© TF1-LCILes prévisions actuelles sur l'élévation du niveau des océans en raison du réchauffement climatique seraient sous-estimées si l'on se réfère à ce qui s'est produit lors de la dernière période interglaciaire, révèle une étude à paraître dans la revue Nature Geoscience.
Pendant cette période - il y a quelque 120.000 ans - les températures au Groenland étaient de 3 à 5 degrés Celsius supérieures à ce qu'elles sont aujourd'hui, un niveau prévu actuellement sur Terre dans 50 à 100 ans, notent les auteurs de l'étude publiée en ligne. Or les océans se sont élevés à cette époque-là de 0,6 à 2,6 m par siècle (1,6 m en moyenne), notamment en raison d'une fonte des glaces du Groenland.
L'incertitude des experts du Giec
Dans leur dernier rapport scientifique, bouclé en novembre, les experts du Groupe intergouvernemental sur l'évolution du climat (Giec) ont renoncé, faute de certitude, à fixer une valeur limite à l'élévation prévisible du niveau des océans. Dans un premier temps, ils avaient estimé cette hausse entre 0,18 et 0,59 m à la fin du siècle par rapport à la période 1980-1999.
L'étude internationale a été menée en Mer Rouge à partir de l'analyse de l'évolution de la salinité ou des coraux, sous la conduite du Pr Eelco Rohlingen, du Centre national d'océanographie de Southampton (Royaume-Uni). "Nos données, notent les auteurs de l'étude, fournissent des éléments soulignant la plausibilité de projections élevées, de l'ordre de 1 m, pour la hausse du niveau des eaux d'ici à 2100".

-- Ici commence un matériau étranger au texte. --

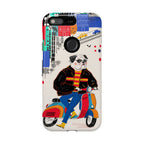 Bulldog Vespa Google Pixel Phone Case | Retro Scooter Dog Protective Cover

Seule différence entre ce qui s'est produit il y a 120.000 ans et aujourd'hui : à l'époque, le réchauffement du dernier âge interglaciaire avait été provoqué par une inclinaison différente de la Terre par rapport au Soleil. Aujourd'hui, il est dû à l'action de l'homme, et notamment aux gaz à effet de serre.